Namun, dampak negatif dari perkawinan yang tidak memilih hari baik antara lain adalah kurangnya keselarasan antara keluarga calon mempelai pria dan wanita, kekhawatiran berlebihan jika hari yang dipilih tidak sesuai atau melanggar tradisi yang berlaku, penundaan atau bahkan kegagalan pernikahan, dan tanpa disadari juga berdampak pada maraknya perselingkuhan dan pergaulan bebas.
Advertisement
Paling Penting di Niat
Sementara itu, dalam pandangan Islam, semua hari adalah baik dan semua bulan adalah berkah. Tidak ada larangan menikah pada bulan-bulan tertentu. Sebagai contoh, pada riwayat pernikahan Rasulullah SAW dengan Siti Aisyah, orang-orang menganggap makruh atau mendatangkan kesialan jika menikah di bulan Syawal.
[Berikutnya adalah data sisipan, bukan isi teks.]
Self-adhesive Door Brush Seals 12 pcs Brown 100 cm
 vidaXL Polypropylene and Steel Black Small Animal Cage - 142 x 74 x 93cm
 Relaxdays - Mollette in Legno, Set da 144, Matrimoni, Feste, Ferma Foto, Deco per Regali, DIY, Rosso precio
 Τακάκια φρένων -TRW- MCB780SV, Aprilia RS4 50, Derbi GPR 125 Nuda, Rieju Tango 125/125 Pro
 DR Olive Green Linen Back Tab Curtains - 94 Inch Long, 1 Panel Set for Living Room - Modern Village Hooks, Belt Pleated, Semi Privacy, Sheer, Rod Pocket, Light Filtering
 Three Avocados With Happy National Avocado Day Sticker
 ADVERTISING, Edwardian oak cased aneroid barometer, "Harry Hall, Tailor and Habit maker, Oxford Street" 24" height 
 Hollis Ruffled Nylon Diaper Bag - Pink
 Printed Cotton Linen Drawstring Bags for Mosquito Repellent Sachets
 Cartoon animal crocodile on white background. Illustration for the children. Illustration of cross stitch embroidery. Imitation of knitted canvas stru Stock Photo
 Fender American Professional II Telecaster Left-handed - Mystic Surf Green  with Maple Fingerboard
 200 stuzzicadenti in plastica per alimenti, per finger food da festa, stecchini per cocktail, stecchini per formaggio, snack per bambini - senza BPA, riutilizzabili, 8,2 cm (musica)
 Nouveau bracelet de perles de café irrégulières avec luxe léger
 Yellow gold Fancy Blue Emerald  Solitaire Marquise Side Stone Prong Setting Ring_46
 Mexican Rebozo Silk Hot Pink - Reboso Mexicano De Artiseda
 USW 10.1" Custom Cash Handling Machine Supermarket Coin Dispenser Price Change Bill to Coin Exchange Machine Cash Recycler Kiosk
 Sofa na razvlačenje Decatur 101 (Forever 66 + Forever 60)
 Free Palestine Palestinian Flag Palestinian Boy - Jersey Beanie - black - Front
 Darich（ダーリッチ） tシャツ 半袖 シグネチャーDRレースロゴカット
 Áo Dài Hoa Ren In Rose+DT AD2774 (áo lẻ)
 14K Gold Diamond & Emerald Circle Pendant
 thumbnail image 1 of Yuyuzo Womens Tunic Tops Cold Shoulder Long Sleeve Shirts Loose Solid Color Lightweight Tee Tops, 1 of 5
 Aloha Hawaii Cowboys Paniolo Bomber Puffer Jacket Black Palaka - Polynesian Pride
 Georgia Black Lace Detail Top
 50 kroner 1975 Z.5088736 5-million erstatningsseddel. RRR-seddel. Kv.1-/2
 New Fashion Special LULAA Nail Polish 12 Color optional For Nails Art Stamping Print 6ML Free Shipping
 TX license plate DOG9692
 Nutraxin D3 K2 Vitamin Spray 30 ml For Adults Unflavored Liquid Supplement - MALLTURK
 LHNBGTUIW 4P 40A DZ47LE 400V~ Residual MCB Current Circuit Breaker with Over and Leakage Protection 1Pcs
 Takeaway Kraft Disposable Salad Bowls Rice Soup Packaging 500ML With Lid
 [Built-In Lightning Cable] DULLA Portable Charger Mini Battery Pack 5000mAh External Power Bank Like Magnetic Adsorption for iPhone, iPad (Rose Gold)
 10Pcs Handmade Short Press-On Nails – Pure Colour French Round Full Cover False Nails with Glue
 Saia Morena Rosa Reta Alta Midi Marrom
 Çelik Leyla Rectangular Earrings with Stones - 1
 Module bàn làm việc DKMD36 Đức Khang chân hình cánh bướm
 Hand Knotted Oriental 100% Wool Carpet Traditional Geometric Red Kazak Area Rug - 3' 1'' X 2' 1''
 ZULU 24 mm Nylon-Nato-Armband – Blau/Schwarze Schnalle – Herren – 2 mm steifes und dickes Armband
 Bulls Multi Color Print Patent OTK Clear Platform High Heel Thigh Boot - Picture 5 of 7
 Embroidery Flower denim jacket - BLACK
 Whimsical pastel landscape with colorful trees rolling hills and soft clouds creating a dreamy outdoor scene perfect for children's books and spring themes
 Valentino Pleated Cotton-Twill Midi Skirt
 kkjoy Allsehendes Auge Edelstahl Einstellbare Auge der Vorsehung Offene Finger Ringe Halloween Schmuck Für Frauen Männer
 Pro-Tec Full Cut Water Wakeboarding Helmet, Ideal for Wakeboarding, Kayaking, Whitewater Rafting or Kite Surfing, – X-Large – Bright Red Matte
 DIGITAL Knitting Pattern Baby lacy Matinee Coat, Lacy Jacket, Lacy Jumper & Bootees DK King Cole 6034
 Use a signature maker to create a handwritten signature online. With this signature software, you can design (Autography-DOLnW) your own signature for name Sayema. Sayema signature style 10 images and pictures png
Namun, untuk menepis kepercayaan tersebut, Rasulullah SAW sendiri menikahi Siti ’Aisyah di bulan Syawwal, menunjukkan bahwa semua bulan sama-sama baik untuk melangsungkan pernikahan.
Dalam kitab al-Minhaj as-Sawi, disampaikan bahwa para ulama fiqh rahimahullah berpendapat bagi orang yang menikah, hendaknya pernikahannya diniati untuk menegakkan sunnah dan menjauhi hal-hal yang haram. Pernikahan akan menjadi ibadah jika disertai dengan niat baik, sehingga pernikahan tersebut dapat mendapatkan pahala ibadah.
Para ulama fiqh rahimahullah berkata:
“Sesungguhnya bagi orang yang menikah hendaknya pernikahannya diniati menegakkan sunnah, memejamkan pandangan dari perkara yang haram. Dan pernikahan akan menjadi ibadah jika disertai niat baik sehingga pernikahannya mendapatkan pahala ibadah.”
Mencari hari baik untuk menikah dalam Islam seharusnya didasarkan pada keinginan kedua keluarga mempelai dan pertimbangan praktis seperti kelonggaran jadwal para pihak terkait. Meskipun masyarakat masih mempertimbangkan tradisi tertentu atau bulan-bulan tertentu, prinsip dasar dalam Islam adalah bahwa semua hari adalah baik dan semua bulan adalah berkah. Terpenting adalah menjalankan pernikahan dengan niat yang baik, mengikuti sunnah, dan menjauhi hal-hal yang haram.
Dalam kitab Al-Bidayah wan Nihayah, 3/235, Ibnu Katsir juga menjelaskan anjuran menikah di bulan Syawal:
“Rasulullah shallallahu ‘alaihi wa sallam menikahi Aisyah untuk membantah keyakinan yang salah sebagian masyarakat yaitu tidak suka menikah di antara dua ‘ied (bulan Syawal termasuk di antara ‘ied Fitri dan ‘idul Adha), mereka khawatir akan terjadi perceraian. Keyakinan ini tidaklah benar.”